When I posted last week about daylily colors and my general sense that they are often not as advertised, I got some comments that really surprised me. There were, of course, the "stop whining" comments. (Hey, I grew up in New Jersey! Whining is our metier!)
But the ones that really interested me were the ones from ornamental gardeners who are not interested in color!!!
There was one faction that agreed that color schemes are just too hard to pull off.
Then there were the sophisticates, best represented by the Renegade Gardener, Don Engebretson:
Study gardens, via pictures or in person, that sizzle, that drop the jaw, that lift the spirit while lowering the pulse, and you will see that the secret to a beautiful garden is to place plants so that there is constant contrast between the color, size, shape and form of the leaves. Color of bloom is secondary.
The creator of my favorite garden in the world, my friend Gerald, has in his fourth or so decade of gardening reached an even higher plane of sophistication. He once gently confessed to me, "I’m not really interested in flowers any more."

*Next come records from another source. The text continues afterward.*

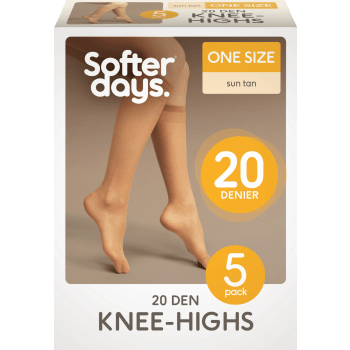 Knästrumpa 20den onesize 5p solbrun Softer Days.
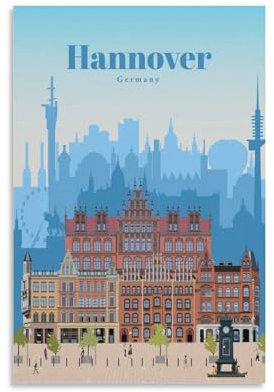 Jdheeh Vintage-Poster auf Leinwand, Motiv: Hannover, Deutschland, Wanddekoration, Poster, 20 x 30 cm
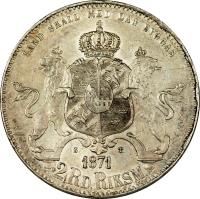 reverse of 2 Riksdaler Riksmynt - Carl XV Adolf (1871) coin with KM# 725 from Sweden. Inscription: LAND SKALL MED LAG BYGGAS S. T. 1871 2 RD.RIKSM.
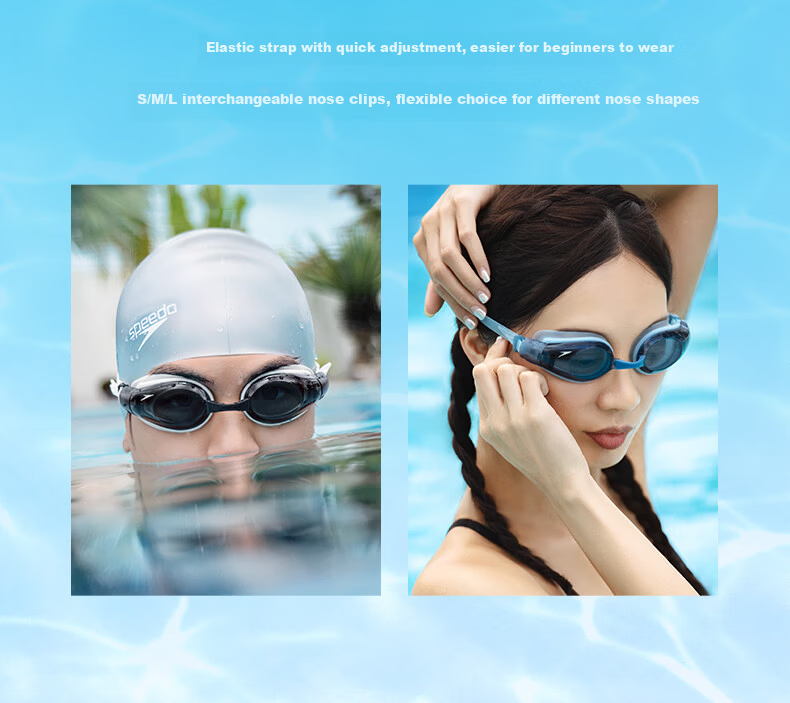Speedo Freedom Series Swim Goggles Anti-Fog HD UV Protection Wide-Angle Comfortable 14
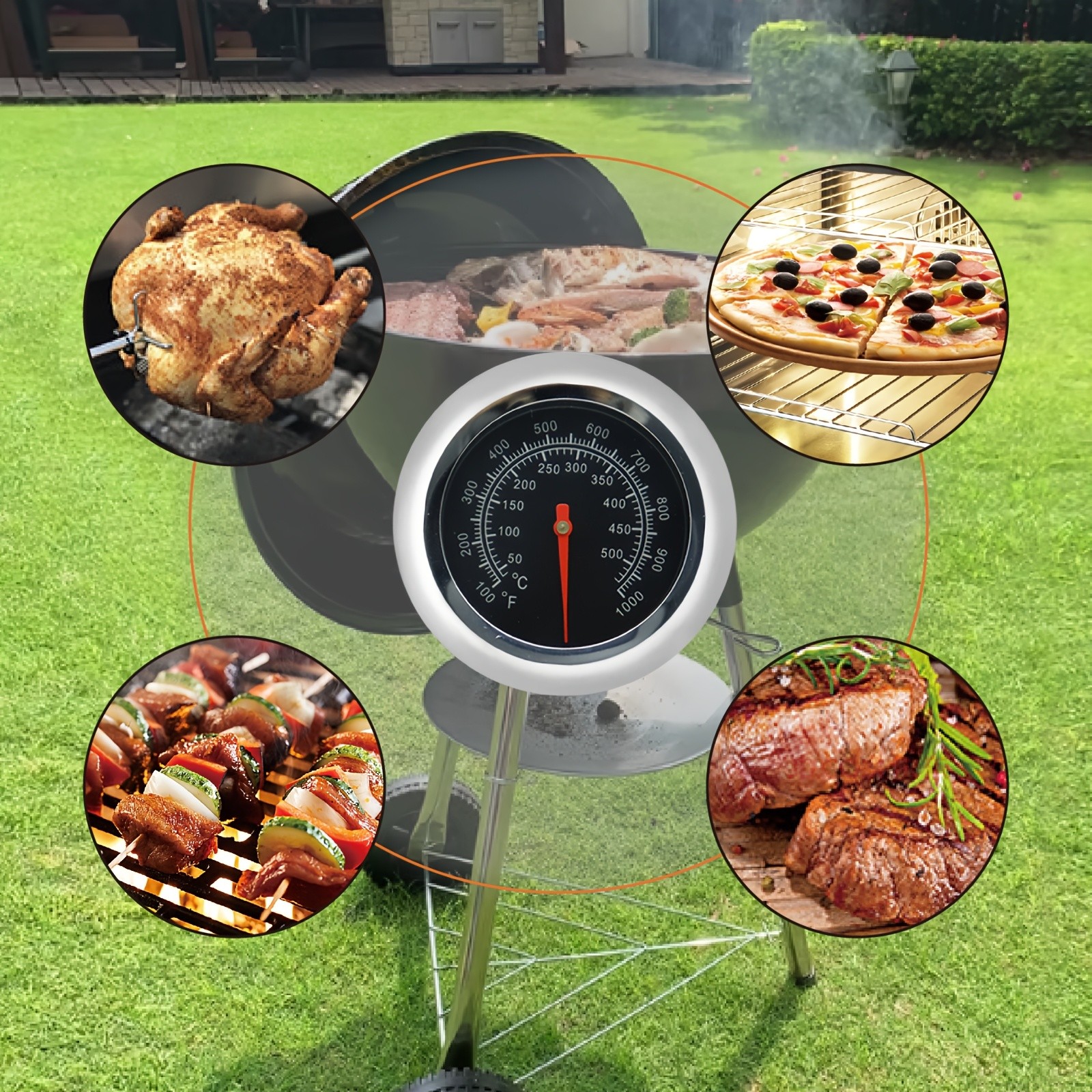 KT THERMO 7.62cm Stainless Steel Grill Thermometer Precision BBQ & Smoker Temperature Gauge for Outdoor Cooking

All I can say, is, I’m not there yet. I’ve spent most of my adulthood obsessing over my vegetable garden. It’s only in the last four years that I’ve done big ornamental beds, since I acquired a city garden behind a Victorian house. And while leaf shape and contrast are part of the fun in putting together beds where beauty is the point, to me, the real interest is in the fantastic array of delicious flower colors and assembling them as carefully as I once used to dress myself, back when I was young and cute and vain.
Of course, the chicest people in the world, the French, throw together insanely clashing flowers, if the photos in the book The Secret Gardens of France are any indication. Combinations of orange, blue-pink, and crimson seem to be popular. At Giverny, which I actually visited once while the tree roses were in bloom, these hot clashes are artful. In other gardens, possibly a sign of carelessness.

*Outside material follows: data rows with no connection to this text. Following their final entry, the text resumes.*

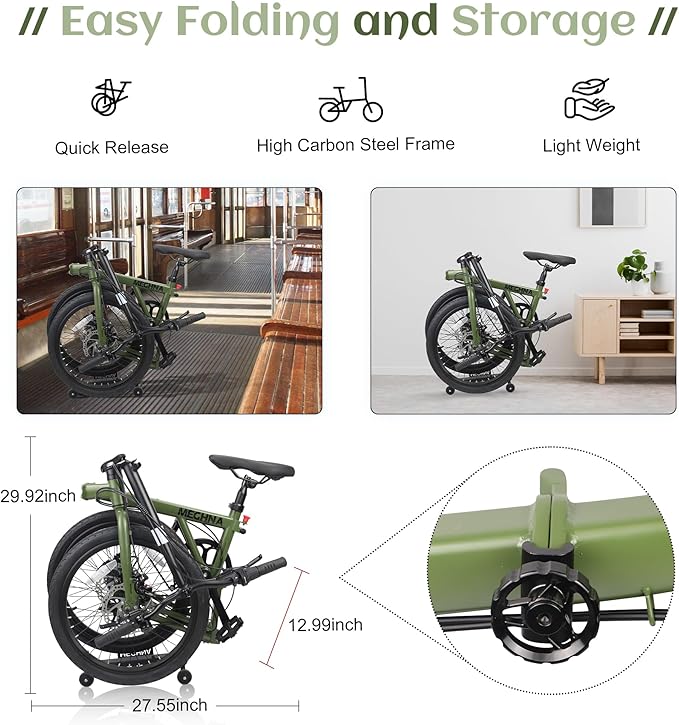 7-Speed Folding Bike, 20" x 1.95" Tires, Tri-Fold Design with Rear Rack Wheels, Steel Frame, Ideal for Urban Commuting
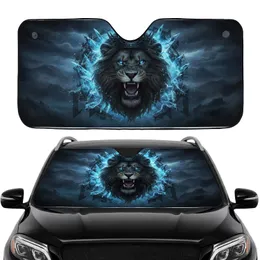 Roaring Black Lion Electric Blue Eyes Crowned - Car Interior Upgrade Car Sunshade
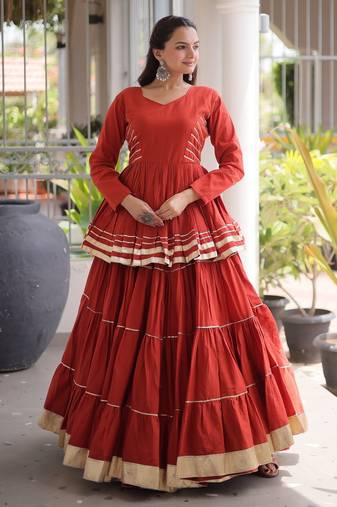 Rust Cotton Readymade Stitched Navratri Lehenga Choli with Gota-Patti & Lace Work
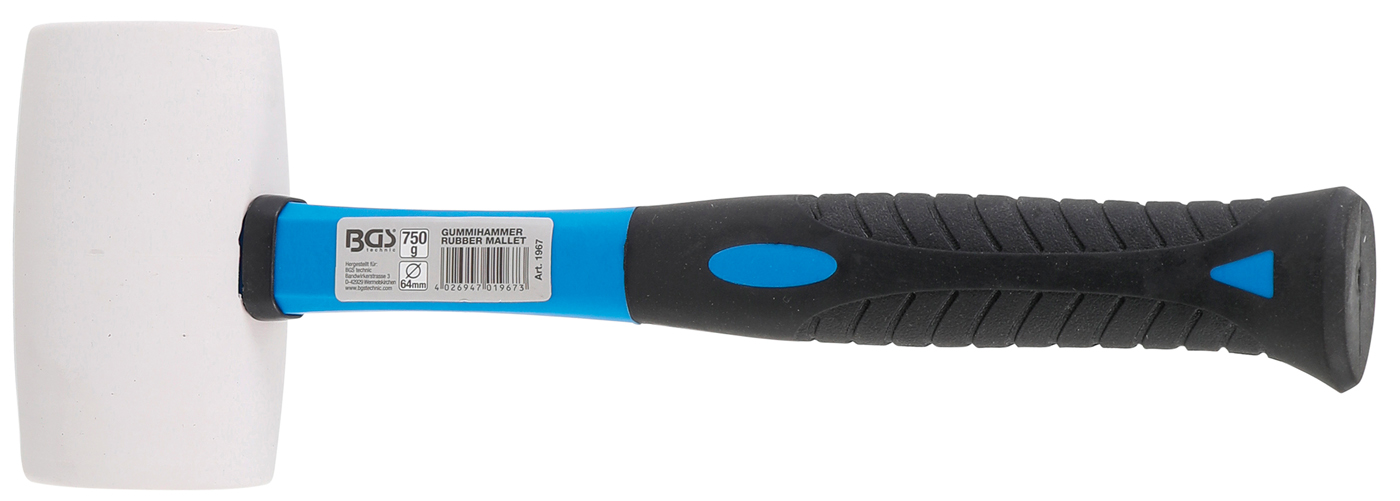 Bgs palička gumová 64 mm, 750 g, bílá guma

But I care, not necessarily about harmony, but about interesting color contrasts. In the front of my house, I have tomato red, white, and purple, a really refreshing combination. In the shady spot near my little goldfish pond, it’s all white, green, and brooding maroon. Then, in the backyard, I’ve been inspired by my gorgeous climbing honeysuckle, whose flowers are blue-pink and apricot, so there are lots of peachy, yellowish, creamy flowers punctuated occasionally by a loud rose pink.
Of course, I often fail at my schemes, sometimes because I’m tricked by names like Little Grapette–and sometimes because something that doesn’t go turns out to be too beautiful to yank. I planted a handful of Endless Summer hydrangeas a few years ago, before I decided to banish any Anglophile blue from my backyard. They languished, I forgot about them, and when I remembered, thought idly about ripping them out. This year, they’ve taken off, and my God, those blue balls of bloom are so stunning–well, I can’t bring myself to get rid of them just because they don’t work in the scheme.

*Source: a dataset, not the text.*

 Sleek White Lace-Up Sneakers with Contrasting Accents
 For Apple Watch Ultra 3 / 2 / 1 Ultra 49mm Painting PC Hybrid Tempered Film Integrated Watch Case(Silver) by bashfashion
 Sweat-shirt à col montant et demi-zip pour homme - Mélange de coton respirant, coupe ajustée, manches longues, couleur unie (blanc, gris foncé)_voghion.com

But enough musings from the amateur. What does the Queen of the Plant Palette, Gertrude Jekyll, have to say in her book Colour Schemes For the Flower Garden?
A. Planting for color is hard:
To plant and maintain a flower border, with a good scheme for colour, is by no means the easy thing that it is commonly supposed.
B. Think like a painter:
It seems to be that the duty we owe to our gardens is so to use the plants that they shall form beautiful pictures; and that, while delighting our eyes, they should be always training those eyes to a more exalted criticism.
C. Have a different garden for every month.
I believe the only way in which [a color scheme] can be made successful is to devote certain borders to certain times of a year; each border or garden region to be bright for from one to three months.
That’s fine if you are gardening on a substantial estate, less practical in any smaller garden.
Anyway, I’d give you some more of Gertrude’s advice on planting for color, which I’m sure is excellent, if I could stand to read any more of this deadly prose. But I’ve tried before and find I just cannot.